• Exercise:
Go to the line with "this 400×266 image." in the entries below and write out every line from there through the line with "this 150×150 image.", exactly and without pictures.

• Listed entries:
****************
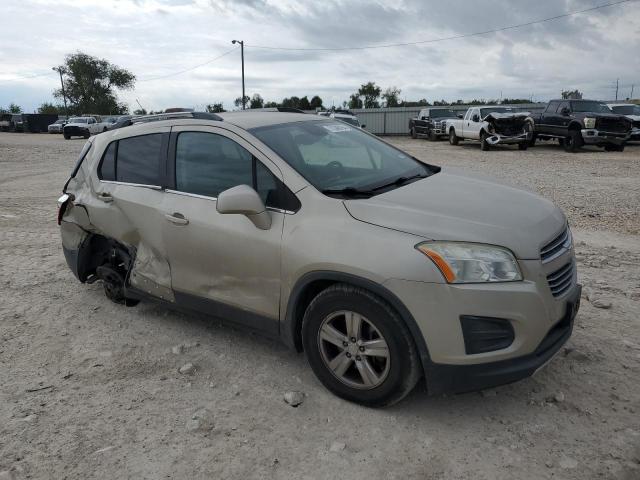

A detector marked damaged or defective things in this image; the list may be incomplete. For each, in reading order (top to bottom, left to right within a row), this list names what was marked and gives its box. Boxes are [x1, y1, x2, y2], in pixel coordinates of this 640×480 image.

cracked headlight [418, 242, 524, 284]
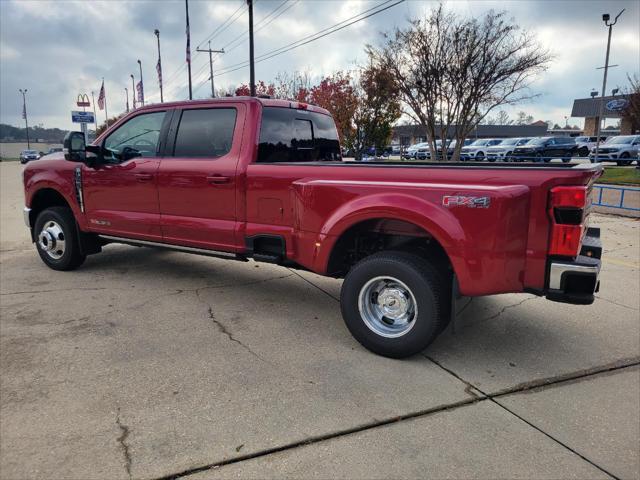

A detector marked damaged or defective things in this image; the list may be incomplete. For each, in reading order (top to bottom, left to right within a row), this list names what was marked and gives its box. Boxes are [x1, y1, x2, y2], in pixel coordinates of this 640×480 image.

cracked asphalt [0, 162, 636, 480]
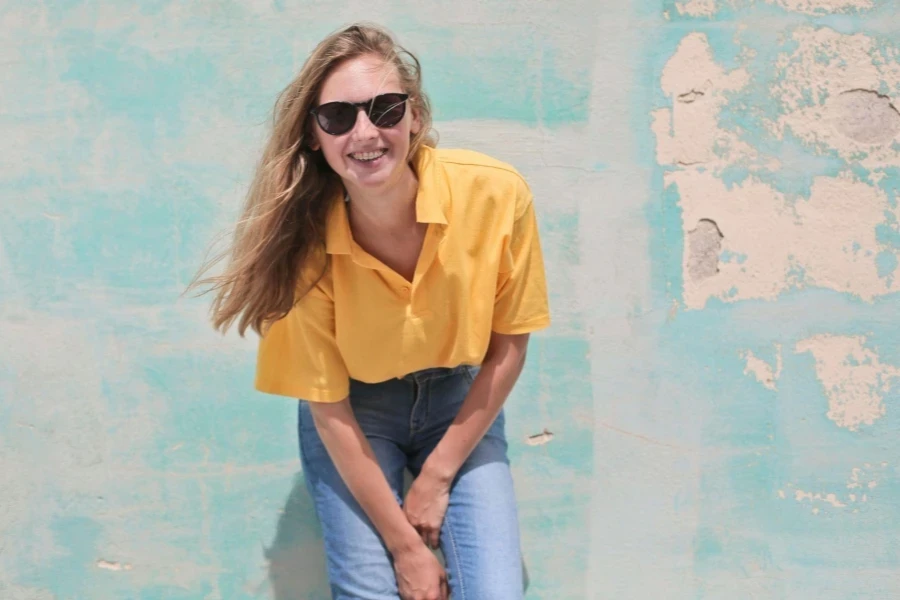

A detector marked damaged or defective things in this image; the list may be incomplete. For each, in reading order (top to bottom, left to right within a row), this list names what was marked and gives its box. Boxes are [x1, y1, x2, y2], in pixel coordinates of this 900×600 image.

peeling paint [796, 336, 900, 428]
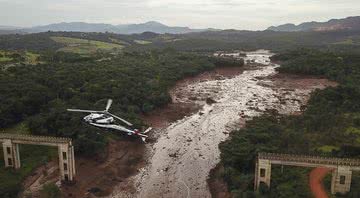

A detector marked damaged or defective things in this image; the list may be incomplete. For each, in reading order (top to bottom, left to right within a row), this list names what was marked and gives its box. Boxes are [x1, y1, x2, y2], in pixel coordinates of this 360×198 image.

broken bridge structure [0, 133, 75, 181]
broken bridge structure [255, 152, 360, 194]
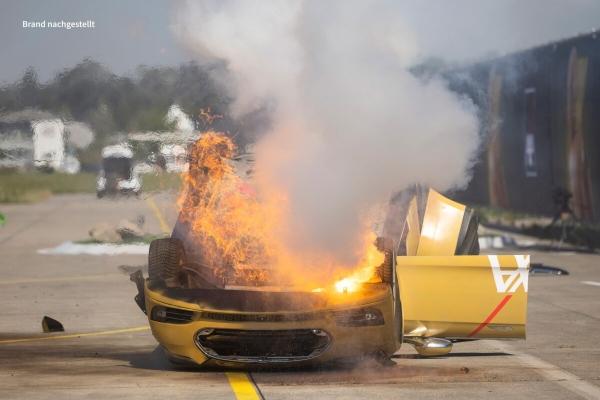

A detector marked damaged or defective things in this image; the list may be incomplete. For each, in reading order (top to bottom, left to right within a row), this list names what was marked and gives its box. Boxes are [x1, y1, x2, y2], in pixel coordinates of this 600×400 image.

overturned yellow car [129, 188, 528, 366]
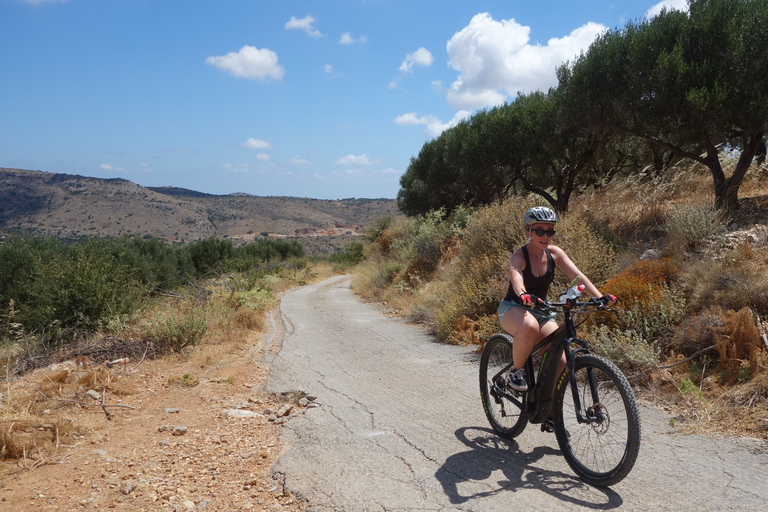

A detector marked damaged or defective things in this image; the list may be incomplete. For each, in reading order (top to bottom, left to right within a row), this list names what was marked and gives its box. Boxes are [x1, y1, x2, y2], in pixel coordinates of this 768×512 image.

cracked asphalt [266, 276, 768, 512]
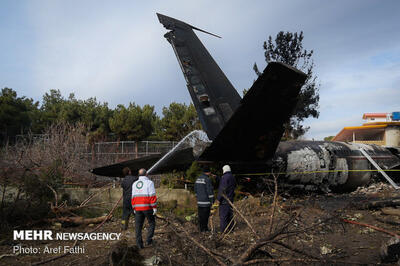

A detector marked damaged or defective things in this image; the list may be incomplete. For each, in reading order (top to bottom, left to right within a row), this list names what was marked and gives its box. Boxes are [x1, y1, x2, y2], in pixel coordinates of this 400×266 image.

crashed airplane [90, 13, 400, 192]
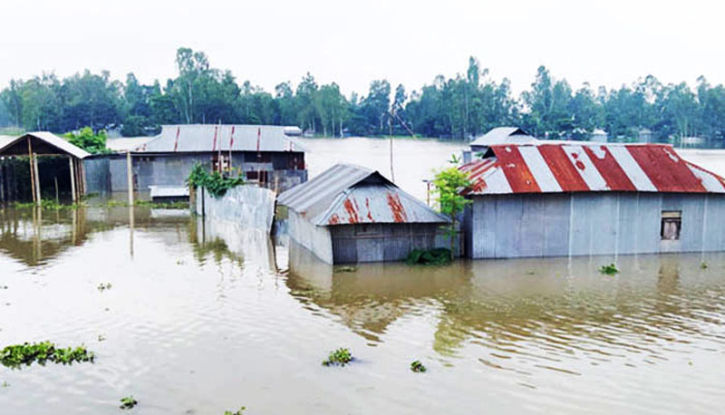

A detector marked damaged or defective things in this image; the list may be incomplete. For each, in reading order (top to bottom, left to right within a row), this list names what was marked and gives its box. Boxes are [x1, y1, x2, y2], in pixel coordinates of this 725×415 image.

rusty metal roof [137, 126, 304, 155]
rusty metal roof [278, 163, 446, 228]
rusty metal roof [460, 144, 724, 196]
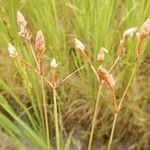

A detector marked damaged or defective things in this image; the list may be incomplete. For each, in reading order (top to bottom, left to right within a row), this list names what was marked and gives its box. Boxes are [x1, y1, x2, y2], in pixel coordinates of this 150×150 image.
****************
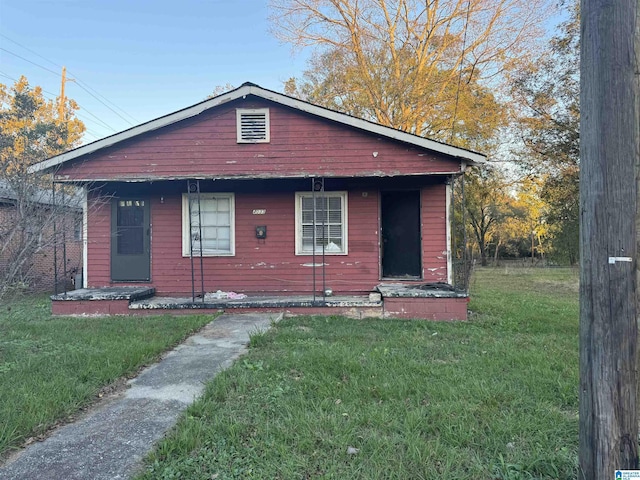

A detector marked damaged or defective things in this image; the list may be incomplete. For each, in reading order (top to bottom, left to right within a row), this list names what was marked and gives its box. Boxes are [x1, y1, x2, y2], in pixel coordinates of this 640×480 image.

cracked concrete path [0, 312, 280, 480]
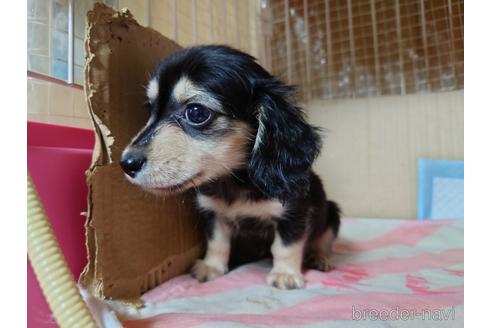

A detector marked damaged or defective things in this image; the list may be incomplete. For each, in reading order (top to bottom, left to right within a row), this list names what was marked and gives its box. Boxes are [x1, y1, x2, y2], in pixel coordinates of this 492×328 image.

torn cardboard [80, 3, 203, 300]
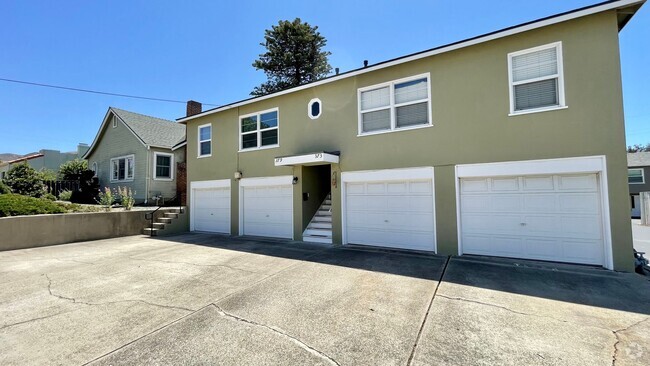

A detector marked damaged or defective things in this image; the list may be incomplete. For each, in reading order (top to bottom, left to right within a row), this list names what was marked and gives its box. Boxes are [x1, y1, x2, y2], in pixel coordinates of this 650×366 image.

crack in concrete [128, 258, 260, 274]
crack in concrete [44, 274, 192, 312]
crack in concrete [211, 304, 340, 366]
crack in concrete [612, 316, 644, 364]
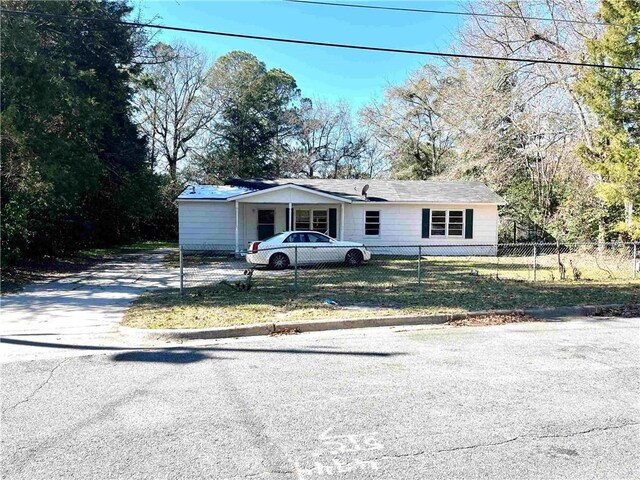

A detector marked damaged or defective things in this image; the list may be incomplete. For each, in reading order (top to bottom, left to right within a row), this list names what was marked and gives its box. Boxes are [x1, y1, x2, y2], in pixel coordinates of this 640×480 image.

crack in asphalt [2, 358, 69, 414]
****************
• Task result:
A detector marked damaged or defective things in this image; the list may be incomplete. For each, in reading order (top to bottom, left to right within a row), this list names what was marked and gives its box. Boxes are [x1, y1, x2, y2], in pixel coordinates of this 400×266 image.

crashed airplane [90, 13, 400, 192]

A detector marked damaged or defective things in this image; the list may be incomplete. For each, in reading order (top to bottom, left to right within a row), this list names what was marked and gives its box. Boxes are [x1, y1, x2, y2], in pixel coordinates of this 725×415 image.

rusty metal roof [137, 126, 304, 155]
rusty metal roof [278, 163, 446, 228]
rusty metal roof [460, 144, 724, 196]

A detector marked damaged or defective things in this image; the list may be incomplete. For each, in reading order (top to bottom, left to right within a row), this list names what was marked and gives its box. Boxes are [x1, y1, x2, y2], in pixel coordinates of this 150×150 image.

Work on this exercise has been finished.